- Australian Dollar (AUD) trades at multi month highs despite Australia falling into economic deflation
- Australian inflation -1.9% quarter on quarter in Q2
- US Dollar slips ahead of Federal Reserve monetary policy announcement
- US Congress still not agreeing on stimulus
The Australian Dollar US Dollar (AUD/USD) exchange rate is pushing higher for a fourth consecutive session on Wednesday after shooting to its highest level since April 2019. At 14:15 UTC, AUD/USD trades +0.5% at US$0.7186, as it looks to pierce US$0.7200.
The Australian Dollar is bounding higher against a weaker greenback despite data showing that Australia had moved into a period of economic deflation.

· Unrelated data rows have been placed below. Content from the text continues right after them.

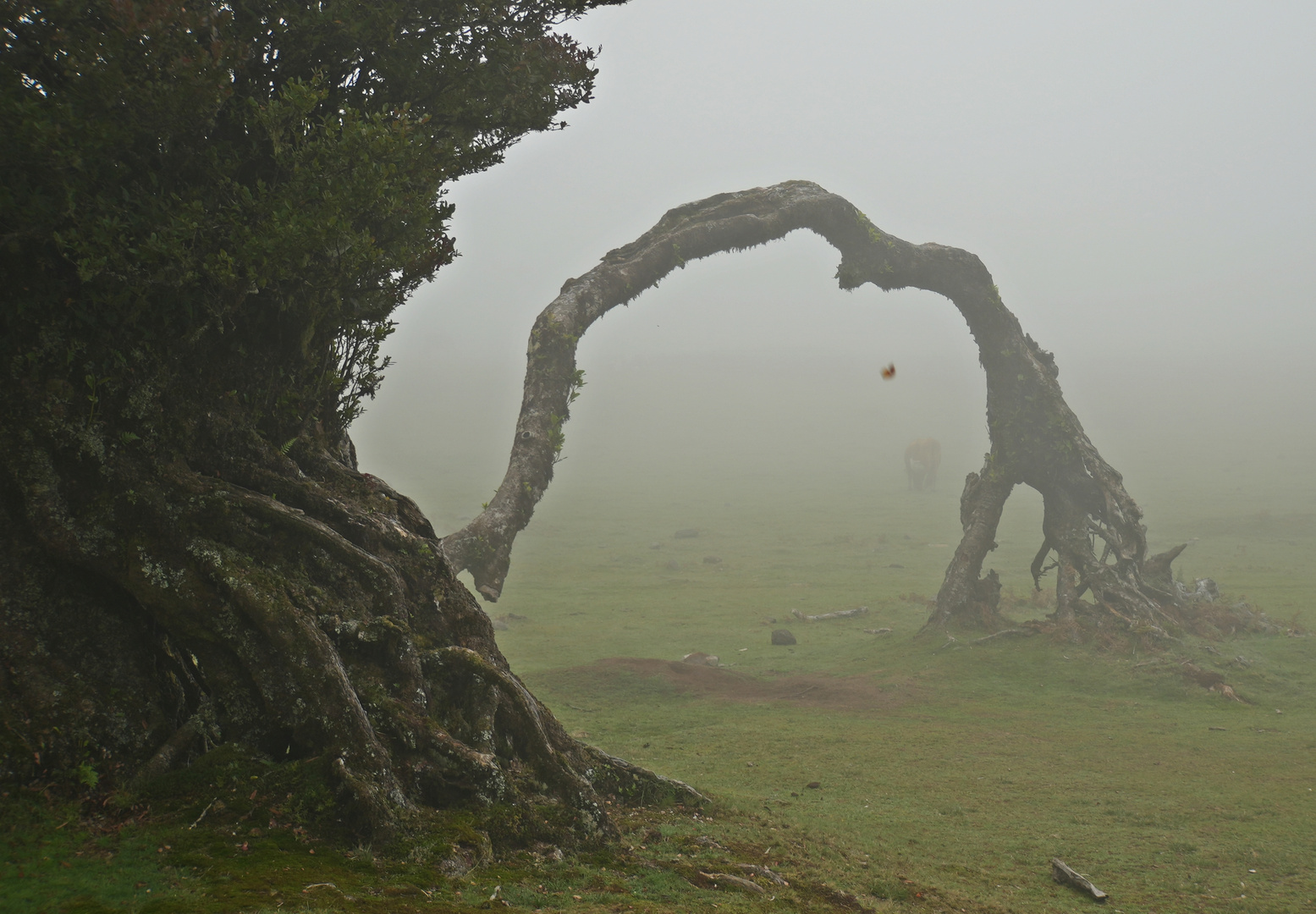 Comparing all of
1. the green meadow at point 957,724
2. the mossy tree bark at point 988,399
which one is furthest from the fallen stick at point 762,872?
the mossy tree bark at point 988,399

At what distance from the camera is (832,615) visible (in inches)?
947

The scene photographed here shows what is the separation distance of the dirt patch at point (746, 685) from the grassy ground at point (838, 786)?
0.08m

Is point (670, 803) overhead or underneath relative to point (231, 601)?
underneath

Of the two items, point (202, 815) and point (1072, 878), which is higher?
point (202, 815)

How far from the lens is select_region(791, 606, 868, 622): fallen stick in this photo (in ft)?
78.2

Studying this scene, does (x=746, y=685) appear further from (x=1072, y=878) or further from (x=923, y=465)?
(x=923, y=465)

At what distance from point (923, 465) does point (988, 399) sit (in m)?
34.9

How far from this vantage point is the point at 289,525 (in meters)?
6.80

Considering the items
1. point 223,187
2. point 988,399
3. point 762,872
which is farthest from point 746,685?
Answer: point 223,187

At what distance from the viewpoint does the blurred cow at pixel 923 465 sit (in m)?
55.5

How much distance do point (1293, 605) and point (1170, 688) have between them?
9866 mm

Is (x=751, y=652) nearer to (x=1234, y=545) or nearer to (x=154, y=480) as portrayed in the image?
(x=154, y=480)

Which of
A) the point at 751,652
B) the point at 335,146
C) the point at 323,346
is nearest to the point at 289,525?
the point at 323,346

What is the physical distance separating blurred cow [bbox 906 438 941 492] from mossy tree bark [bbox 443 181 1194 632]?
114 ft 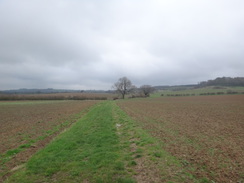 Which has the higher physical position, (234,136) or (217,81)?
(217,81)

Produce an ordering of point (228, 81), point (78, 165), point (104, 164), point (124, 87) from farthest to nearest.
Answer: point (228, 81)
point (124, 87)
point (78, 165)
point (104, 164)

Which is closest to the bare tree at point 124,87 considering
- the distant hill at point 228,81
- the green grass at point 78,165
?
the green grass at point 78,165

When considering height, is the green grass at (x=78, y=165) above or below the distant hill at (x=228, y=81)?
below

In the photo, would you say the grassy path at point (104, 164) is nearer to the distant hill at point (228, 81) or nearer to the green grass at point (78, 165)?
the green grass at point (78, 165)

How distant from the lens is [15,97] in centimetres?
8944

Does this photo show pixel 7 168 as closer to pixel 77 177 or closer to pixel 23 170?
pixel 23 170

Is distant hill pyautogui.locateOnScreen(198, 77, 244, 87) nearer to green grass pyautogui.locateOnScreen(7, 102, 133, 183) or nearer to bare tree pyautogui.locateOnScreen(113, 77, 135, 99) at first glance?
bare tree pyautogui.locateOnScreen(113, 77, 135, 99)

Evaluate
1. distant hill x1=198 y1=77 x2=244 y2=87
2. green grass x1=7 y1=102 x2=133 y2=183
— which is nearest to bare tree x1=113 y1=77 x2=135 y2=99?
green grass x1=7 y1=102 x2=133 y2=183

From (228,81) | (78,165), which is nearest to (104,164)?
(78,165)

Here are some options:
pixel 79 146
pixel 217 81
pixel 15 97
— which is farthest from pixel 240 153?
pixel 217 81

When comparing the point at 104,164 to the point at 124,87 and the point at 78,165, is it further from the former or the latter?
the point at 124,87

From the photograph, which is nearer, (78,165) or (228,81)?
(78,165)

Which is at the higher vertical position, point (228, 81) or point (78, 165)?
point (228, 81)

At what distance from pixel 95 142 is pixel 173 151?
4700mm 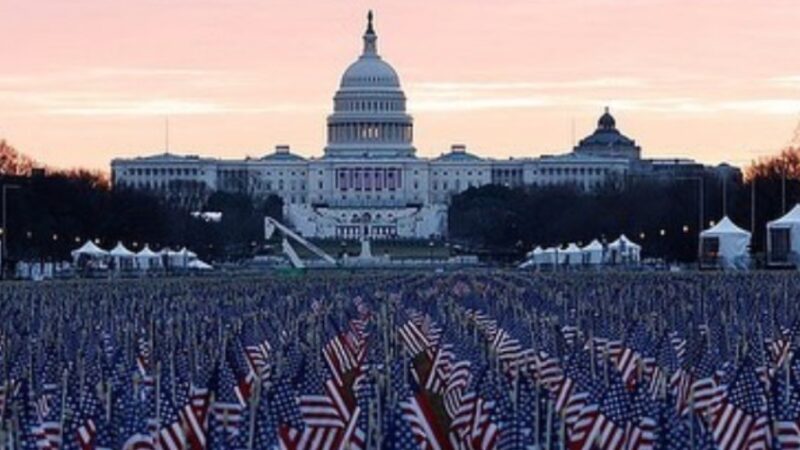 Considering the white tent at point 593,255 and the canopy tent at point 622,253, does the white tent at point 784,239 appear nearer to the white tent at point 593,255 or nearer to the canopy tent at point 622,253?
the canopy tent at point 622,253

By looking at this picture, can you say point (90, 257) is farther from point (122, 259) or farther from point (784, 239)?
point (784, 239)

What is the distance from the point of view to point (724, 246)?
9744cm

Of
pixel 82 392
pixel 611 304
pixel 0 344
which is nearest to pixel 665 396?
pixel 82 392

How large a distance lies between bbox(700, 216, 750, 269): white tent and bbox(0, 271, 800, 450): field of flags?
56.2 m

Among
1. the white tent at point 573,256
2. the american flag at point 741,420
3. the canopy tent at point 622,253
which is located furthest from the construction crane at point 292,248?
the american flag at point 741,420

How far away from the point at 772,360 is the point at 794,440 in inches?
312

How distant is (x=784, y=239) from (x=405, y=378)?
73444mm

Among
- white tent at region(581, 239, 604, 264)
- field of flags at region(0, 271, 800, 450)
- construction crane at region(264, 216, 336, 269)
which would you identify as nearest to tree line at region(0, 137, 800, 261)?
construction crane at region(264, 216, 336, 269)

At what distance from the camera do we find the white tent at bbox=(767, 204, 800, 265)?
297 feet

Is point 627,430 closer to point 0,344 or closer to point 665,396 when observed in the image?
point 665,396

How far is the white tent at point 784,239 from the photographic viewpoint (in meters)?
90.4

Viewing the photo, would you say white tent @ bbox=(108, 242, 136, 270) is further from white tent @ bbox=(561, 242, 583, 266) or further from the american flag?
the american flag

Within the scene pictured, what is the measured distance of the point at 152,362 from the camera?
23.9 metres

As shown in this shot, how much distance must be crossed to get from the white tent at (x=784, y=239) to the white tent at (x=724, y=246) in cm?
226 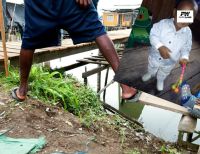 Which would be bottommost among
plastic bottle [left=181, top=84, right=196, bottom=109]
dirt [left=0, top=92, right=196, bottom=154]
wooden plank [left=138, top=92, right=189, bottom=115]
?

Inflation, as measured by the consumer price index declined -1.9% quarter on quarter between April – June thrusting the county into deflation for the first time in 22 years.
This was the largest slump in inflation in the 72-year history that records have run. The Australian Bureau of Statistics said that the drop was fuelled by falling childcare costs thanks to a federal government support scheme and falling petrol prices.
The risk sensitive Aussie Dollar was also receiving some support from upbeat vaccine news after Moderna’s vaccine candidate protects 16 monkeys against coronavirus infection. This is an encouraging step ahead of Phase 3 human trials which start on Monday.
Looking ahead, Australian building permits could attract some attention in the Asian session. Analysts are expecting a rebound in June to 0% after a -16.4% decline in May.
The US Dollar is heading southwards as investors await the Federal Reserve monetary policy announcement. The Fed is not expected to adjust monetary policy given the dozens of programmes that have been implemented over recent months.
Whilst the Fed will be in a wait and see mood, investors will be listening to the Fed’s tone carefully. The Fed are expected to remain very dovish as rising coronavirus numbers threaten to hamper the fragile economic recovery. Consumer confidence is falling and the recovery in the labour market has stalled.
Adding to the Fed’s challenges and the unfavourable climate there is still some distance between the Democrats and Republicans in Congress for a stimulus package.